Dijo que sí, que no, que tal vez.
Dijo que nos veríamos más tarde y se alejó de mí.
No me dediqué a esperar a que regresara, nunca me ha gustado perder el tiempo. Por eso fui a esa calle ancha y repleta de gente, a mirar las vitrinas rasgadas por el neón, a escuchar a la gente riendo.
La mejor forma de sentirse solo es estar rodeado de gente.
Reí en medio de la vereda. Reí tan fuerte que las aves que dormían buscaron el sol de la mañana, y chocaron contra el cielo.
Reí tan fuerte que el alma escapó con mi risa, que hasta a la luna le dio miedo.
Caminé por la eterna vereda pensando en los reflejos de colores sobre las pozas opacas.
La gente que me atravesaba parecía sentir por un segundo la nada que la rodeaba.

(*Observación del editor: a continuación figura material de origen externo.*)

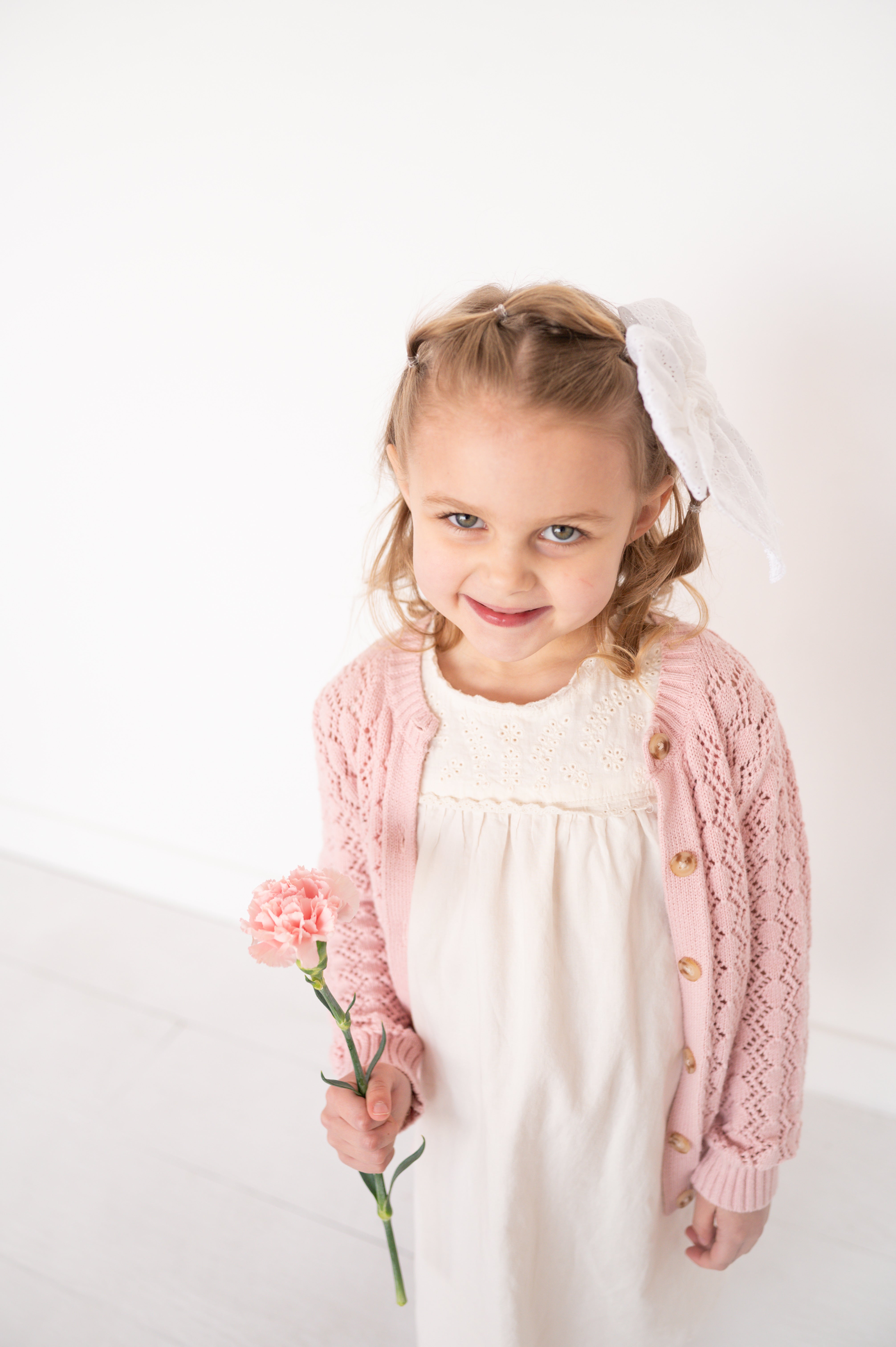 White Eyelet | Party Bow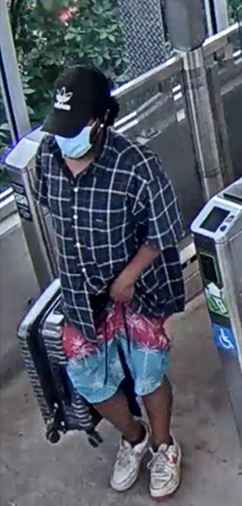 OttawaPolice's tweet photo. The Ottawa Police is looking for public assistance to identify a person who may have information about an ongoing investigation. If you can identify this man, please contact the East Criminal Investigations Unit at 613-236-1222 ext. 3566 #Ottnews 1/3 https://t.co/ELArz60jia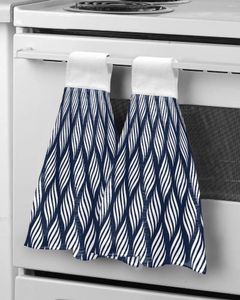 Lignes de serviettes géométriques bleu marine de cuisine de cuisine de cuisine de nettoyage à la main.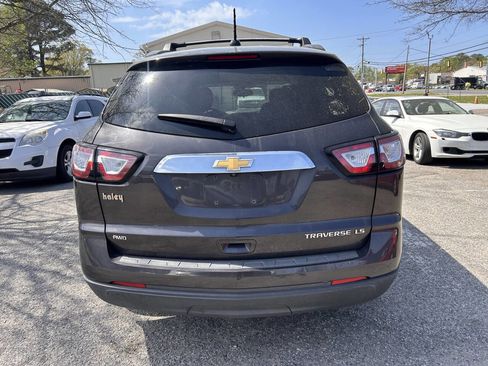 Used 2016 Chevrolet Traverse LS AWD/4WD image 5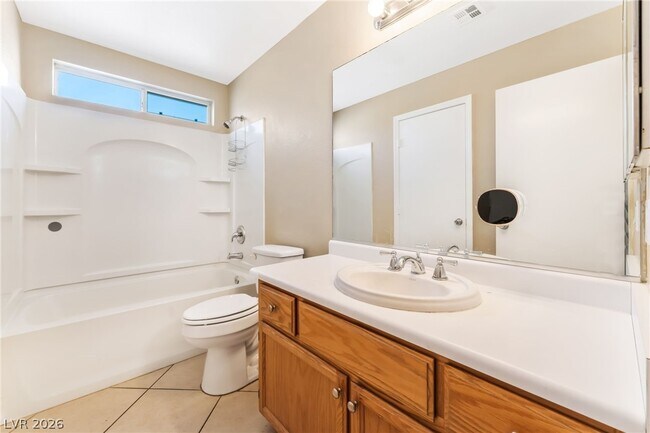 Building Photo - 350 S Durango Dr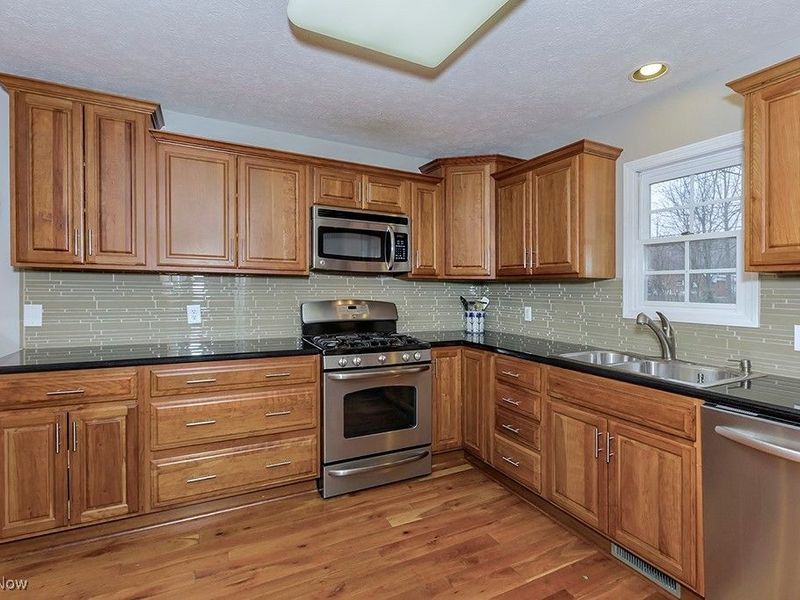 318 Hillside Lane, Chagrin Falls, OH 44022 Photo 11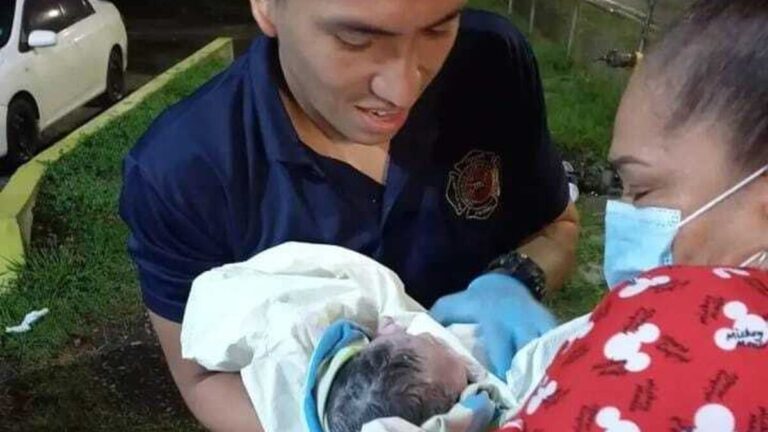 消防员在Pedro Miguel站协助一妇女分娩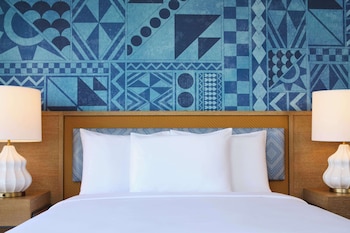 Room, 2 Double Beds, Mobility Accessible (Waikiki View)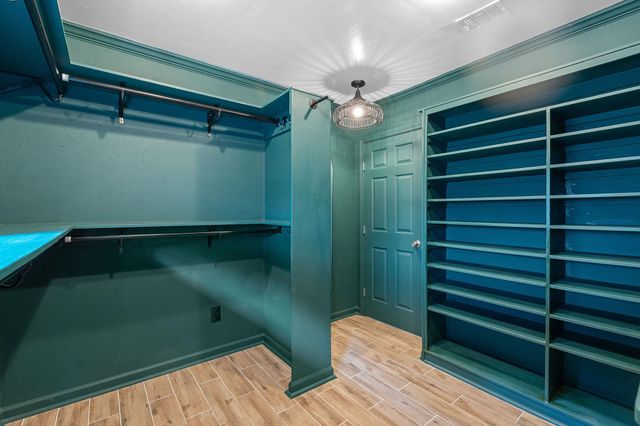 1515 Mearns Meadow BLVD, Austin, TX 78758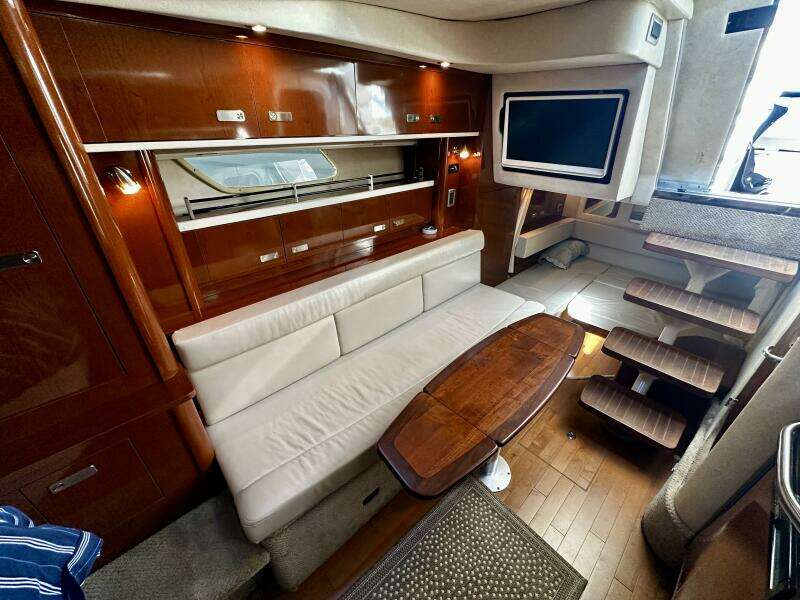 AMBER WAVES 35ft Sea Ray Yacht For Sale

Pero las sensaciones se olvidan con facilidad, necesitan constantes renovaciones.
Así, caminaba, me olvidé del tiempo, y desapareció la calle y sus luces de neón y su gente festiva.
Un día, cuando volví, estaba él.
Dijo que sí, que no, que tal vez. Pero esta vez ya no había una calle con luces de neón donde esconderme. Dijo que regresaría más tarde, y me atreví a preguntarle si era verdad.
Dijo que sí, que regresaría, y lo tuve que esperar.
Y esperé tanto que hasta la luna se aburrió.
Hasta las aves revivieron, hasta mi alma me encontró.
De todas formas nunca me ha gustado perder el tiempo. Así que dibujé unas luces de neón, gente que reía y una calle mojada por la llovizna. Algunos árboles y algunas nubes, algunas aves que dormían, alguna luna que miraba y esas escandalosas estrellas. En medio de todo me puse a mí. Riendo.
Riendo. Volvió, y no me reconoció. Y no lo reconocí, porque envidiaba los colores.
Seguí dibujando, y aún sigo. A veces invento casas, y otras, desiertos. A veces pierdo lágrimas, y las encuentro en algunos lagos; faroles, plazas, cielos, nubes, castillos y nostalgias, se me hacen fáciles. También la lástima.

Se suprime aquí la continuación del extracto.